#### Try it
Below are the records. Retype exactly the lines between the lines holding "Sac de toilette" and "Юлия Высоцкая в", inclusive.

── Material supplied

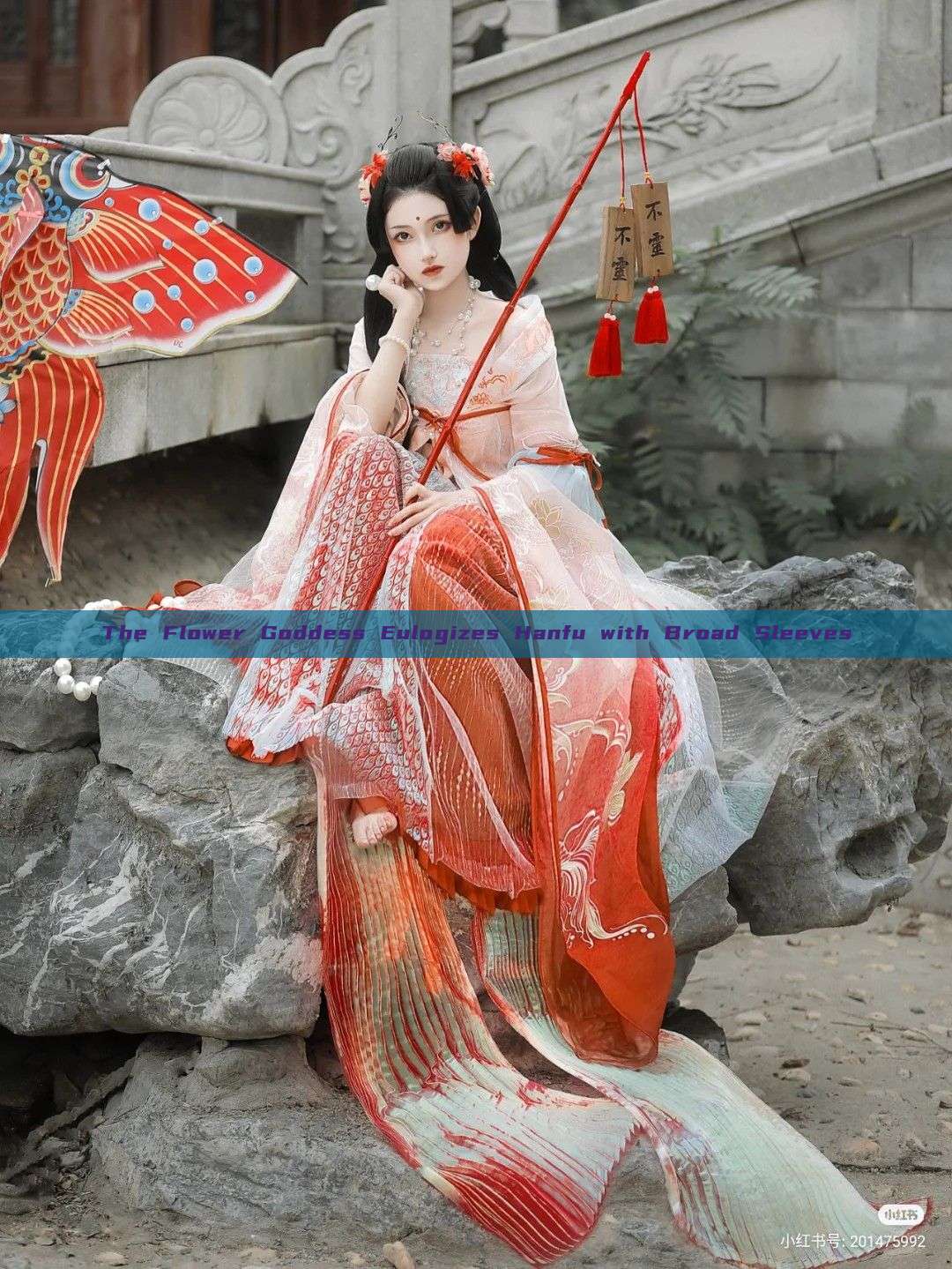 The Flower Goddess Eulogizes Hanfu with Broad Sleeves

────
── Material supplied

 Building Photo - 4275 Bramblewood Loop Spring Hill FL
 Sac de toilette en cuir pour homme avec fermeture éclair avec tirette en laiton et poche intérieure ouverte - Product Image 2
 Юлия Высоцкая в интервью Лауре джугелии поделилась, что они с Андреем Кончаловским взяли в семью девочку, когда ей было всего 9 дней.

────

#### Reply to the exercise
 Sac de toilette en cuir pour homme avec fermeture éclair avec tirette en laiton et poche intérieure ouverte - Product Image 2
 Юлия Высоцкая в интервью Лауре джугелии поделилась, что они с Андреем Кончаловским взяли в семью девочку, когда ей было всего 9 дней.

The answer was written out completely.